═════ Supplied information

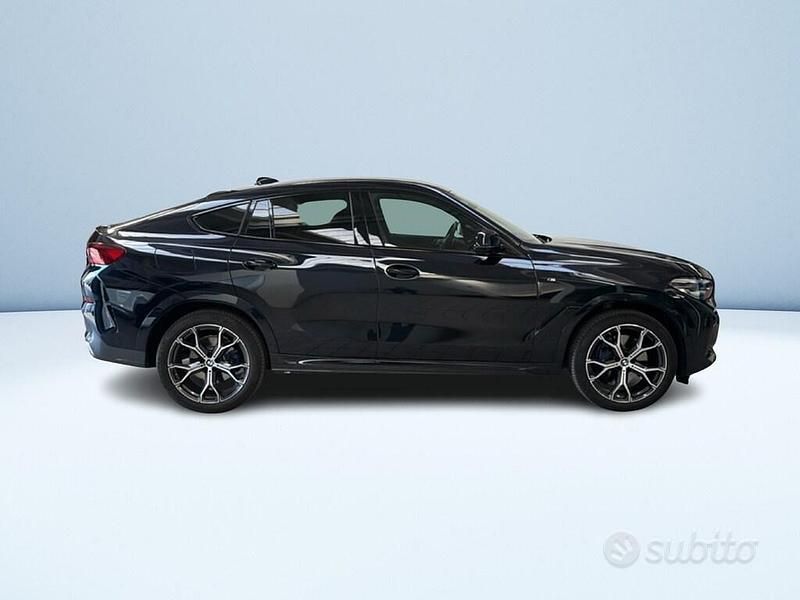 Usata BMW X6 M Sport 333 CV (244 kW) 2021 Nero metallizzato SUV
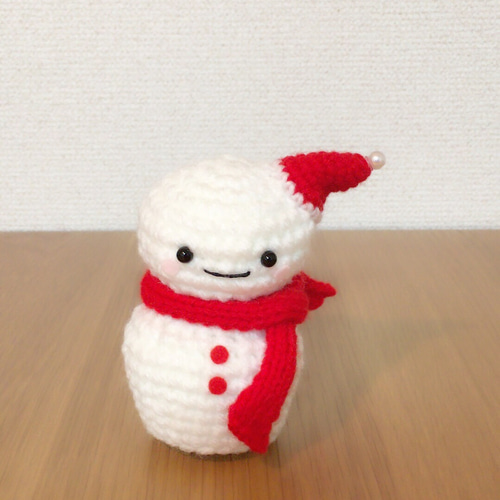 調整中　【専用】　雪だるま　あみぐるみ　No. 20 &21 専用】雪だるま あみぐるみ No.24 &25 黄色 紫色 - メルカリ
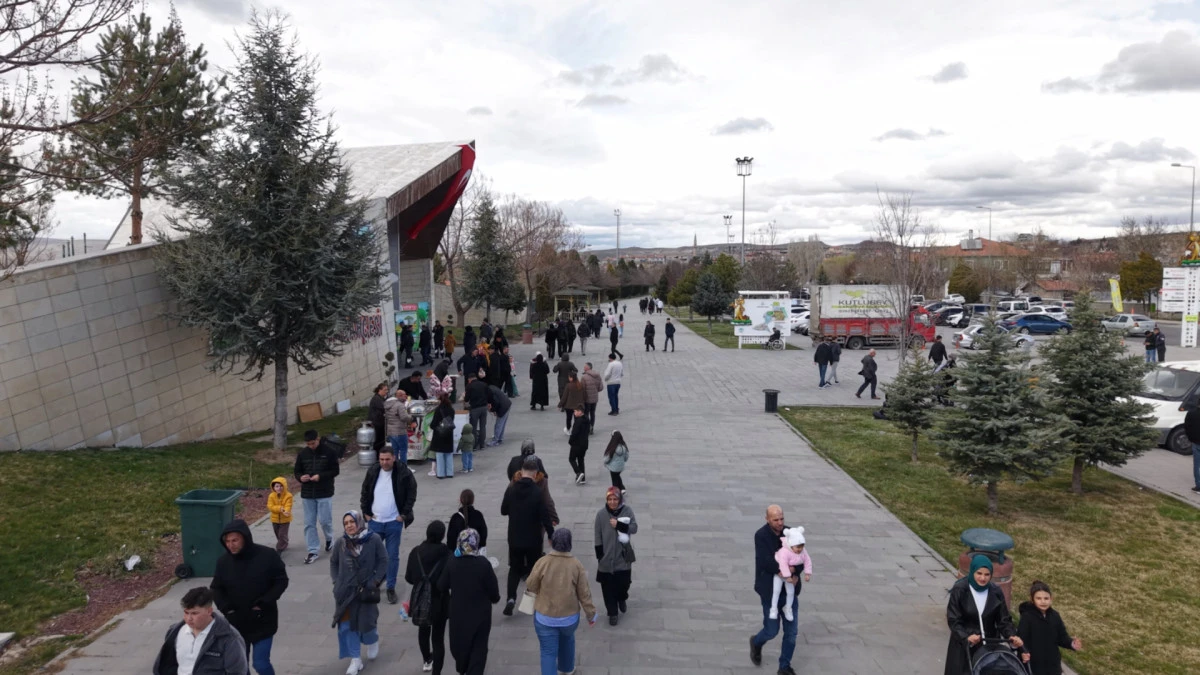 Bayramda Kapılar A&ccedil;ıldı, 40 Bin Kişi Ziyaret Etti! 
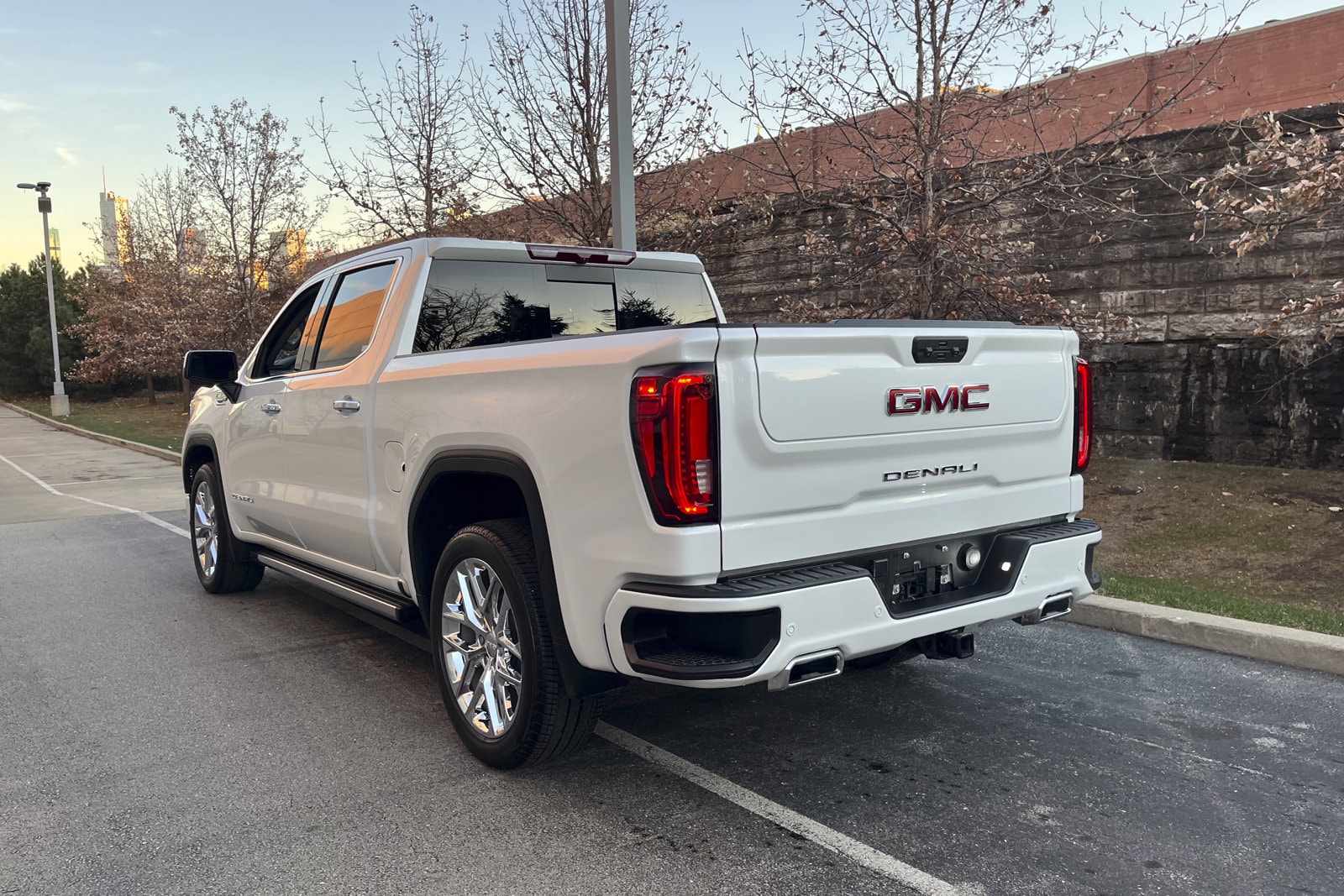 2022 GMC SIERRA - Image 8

══════════
═════ Supplied information

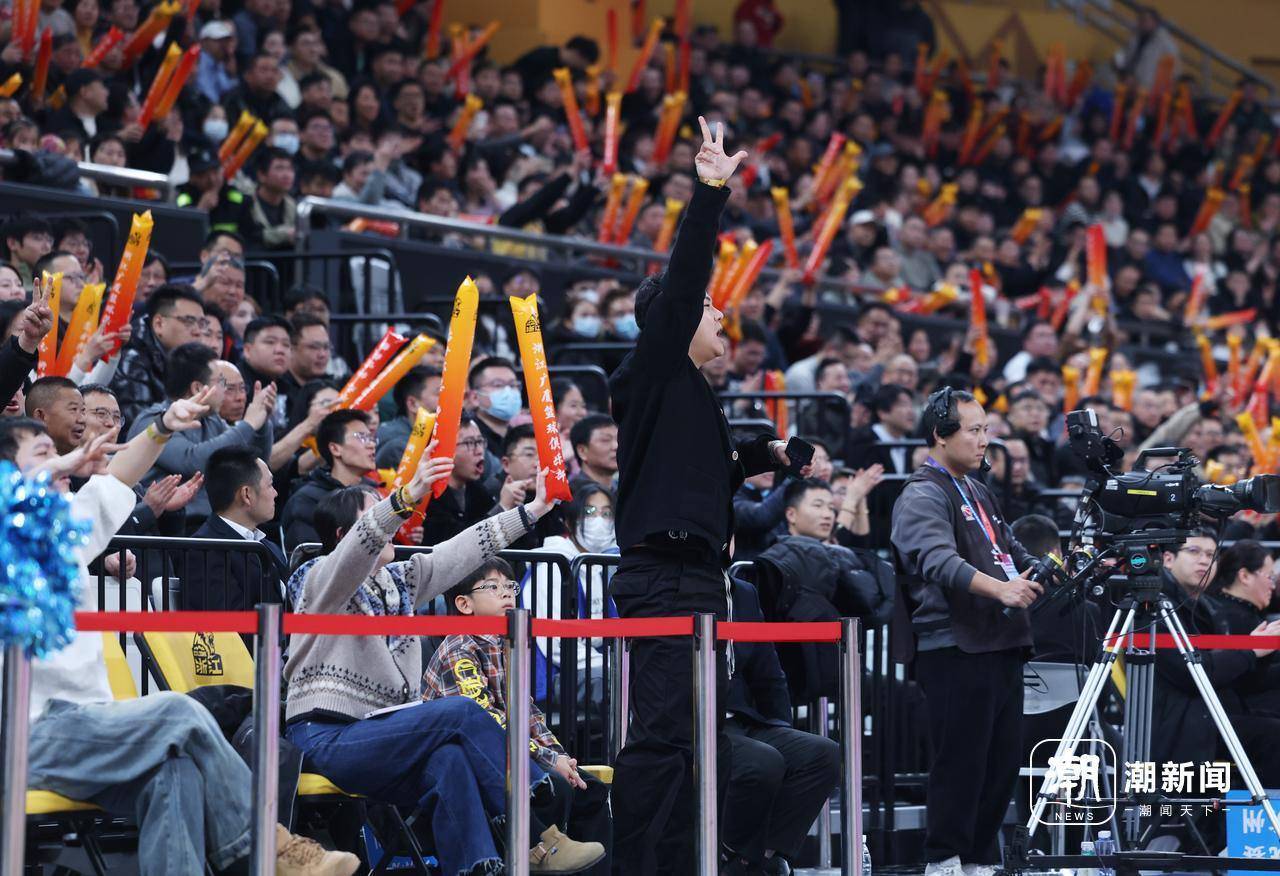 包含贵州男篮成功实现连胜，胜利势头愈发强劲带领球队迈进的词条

══════════

» **Required work**:
Reproduce the lines above beginning at the line that contains "調整中　【専用】　雪だるま　あみぐるみ　No. 20 &21" and ending at the line that contains "2022 GMC SIERRA - Image 8". No pictures.

» **Answer space**:
 調整中　【専用】　雪だるま　あみぐるみ　No. 20 &21 専用】雪だるま あみぐるみ No.24 &25 黄色 紫色 - メルカリ
 Bayramda Kapılar A&ccedil;ıldı, 40 Bin Kişi Ziyaret Etti! 
 2022 GMC SIERRA - Image 8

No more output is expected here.